Cement kings announcing their merger last spring Keystone

You need look no further than Holcim’s fourth-quarter results this week to understand why it has been so keen to pursue its merger with Lafarge. Operating profits were up nicely, as were margins, thanks to higher pricing and cost cuts. The Swiss company was upbeat about the future, saying it expected cement volumes to rise everywhere next year – except in Europe.

The main purpose of the Holcim/Lafarge tie-up was to reduce capacity in Europe, where the sector has long been plagued by overcapacity, from nearly 30% of combined sales now to about 20%. The merger’s logic is, otherwise, hazy and the cost savings are just promises for the moment. Bosses of both groups must therefore have heaved a sigh of relief when the competition authorities in Europe waved the deal through in December without even moving to a second-stage, more detailed investigation.

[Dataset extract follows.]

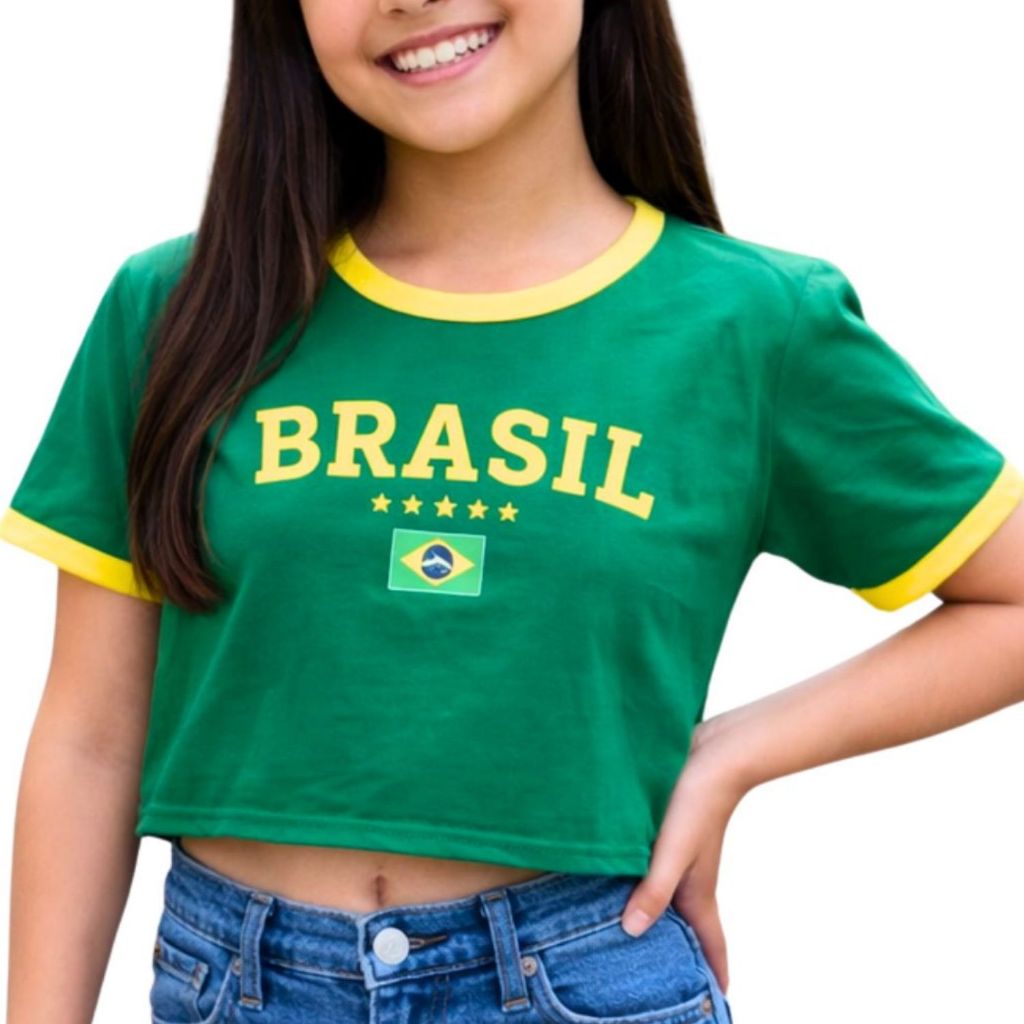 Cropped Brasil Feminino Infanto Juvenil Conforto e Estilo Viscolycra Premium de Alta Qualidade Promo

Given the structure of the deal, not to mention the fact that the whole industry has been under scrutiny by the European Commission for cartel behaviour and price-fixing since 2008, such insouciance on the part of the regulator suggests canny lobbying in Brussels on behalf of the companies. The approval must have come as an unexpected Christmas present for both.

There are still some regulatory hurdles left to clear. Antitrust authorities in other jurisdictions including India, the US and Canada are still looking at the deal. And the purchase of a large chunk of the combined group’s European assets by the Irish cement company CRH must also be approved by the regional regulator.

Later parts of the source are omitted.